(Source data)
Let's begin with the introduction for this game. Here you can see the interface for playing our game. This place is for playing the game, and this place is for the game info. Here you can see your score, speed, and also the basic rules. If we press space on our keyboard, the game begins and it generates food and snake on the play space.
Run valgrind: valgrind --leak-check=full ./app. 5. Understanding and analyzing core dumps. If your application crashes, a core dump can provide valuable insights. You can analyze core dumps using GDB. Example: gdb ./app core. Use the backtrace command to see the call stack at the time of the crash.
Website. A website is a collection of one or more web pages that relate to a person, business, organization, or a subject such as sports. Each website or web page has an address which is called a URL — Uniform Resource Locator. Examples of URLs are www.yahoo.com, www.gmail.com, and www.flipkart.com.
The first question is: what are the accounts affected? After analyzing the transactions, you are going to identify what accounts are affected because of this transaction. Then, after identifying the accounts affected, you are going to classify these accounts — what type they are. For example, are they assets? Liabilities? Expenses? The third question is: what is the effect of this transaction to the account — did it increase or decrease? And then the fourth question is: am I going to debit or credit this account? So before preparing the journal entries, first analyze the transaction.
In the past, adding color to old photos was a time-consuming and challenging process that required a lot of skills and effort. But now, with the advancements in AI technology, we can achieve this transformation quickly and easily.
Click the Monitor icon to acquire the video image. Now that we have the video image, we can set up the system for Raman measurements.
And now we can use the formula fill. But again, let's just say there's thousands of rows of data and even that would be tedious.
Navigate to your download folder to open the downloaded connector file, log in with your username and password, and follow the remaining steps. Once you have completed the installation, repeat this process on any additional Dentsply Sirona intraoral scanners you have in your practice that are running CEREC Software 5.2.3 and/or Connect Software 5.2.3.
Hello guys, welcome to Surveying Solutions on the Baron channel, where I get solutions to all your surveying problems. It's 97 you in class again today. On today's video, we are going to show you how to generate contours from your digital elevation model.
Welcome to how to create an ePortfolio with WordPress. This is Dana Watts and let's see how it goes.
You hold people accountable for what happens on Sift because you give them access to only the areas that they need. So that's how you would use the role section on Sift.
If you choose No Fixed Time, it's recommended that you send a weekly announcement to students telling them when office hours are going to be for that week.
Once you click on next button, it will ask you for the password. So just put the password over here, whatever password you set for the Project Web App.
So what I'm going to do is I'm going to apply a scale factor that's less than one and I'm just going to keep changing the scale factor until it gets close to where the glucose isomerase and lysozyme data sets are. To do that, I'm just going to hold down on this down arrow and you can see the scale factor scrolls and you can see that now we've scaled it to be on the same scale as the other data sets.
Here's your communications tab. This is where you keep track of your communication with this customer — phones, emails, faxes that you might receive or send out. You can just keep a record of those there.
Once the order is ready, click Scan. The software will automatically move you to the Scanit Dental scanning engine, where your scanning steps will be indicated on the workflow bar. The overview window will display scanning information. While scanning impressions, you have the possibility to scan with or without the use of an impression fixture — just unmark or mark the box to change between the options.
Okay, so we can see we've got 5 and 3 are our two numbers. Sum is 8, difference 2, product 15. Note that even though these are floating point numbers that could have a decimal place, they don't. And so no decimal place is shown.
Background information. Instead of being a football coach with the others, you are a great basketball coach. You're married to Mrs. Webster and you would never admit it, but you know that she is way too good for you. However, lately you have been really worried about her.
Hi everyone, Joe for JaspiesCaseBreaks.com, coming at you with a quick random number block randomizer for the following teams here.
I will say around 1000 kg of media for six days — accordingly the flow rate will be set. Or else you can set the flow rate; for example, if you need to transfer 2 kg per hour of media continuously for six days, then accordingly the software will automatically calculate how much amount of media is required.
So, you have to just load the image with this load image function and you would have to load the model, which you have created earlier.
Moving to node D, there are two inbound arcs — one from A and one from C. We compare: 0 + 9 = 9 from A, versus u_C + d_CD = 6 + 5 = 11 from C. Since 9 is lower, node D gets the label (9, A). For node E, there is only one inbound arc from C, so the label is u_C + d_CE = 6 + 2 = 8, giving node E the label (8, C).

Work to be completed -
Lines above with "image" in them are the ones to copy.

Result of the task -
Click the Monitor icon to acquire the video image. Now that we have the video image, we can set up the system for Raman measurements.
So, you have to just load the image with this load image function and you would have to load the model, which you have created earlier.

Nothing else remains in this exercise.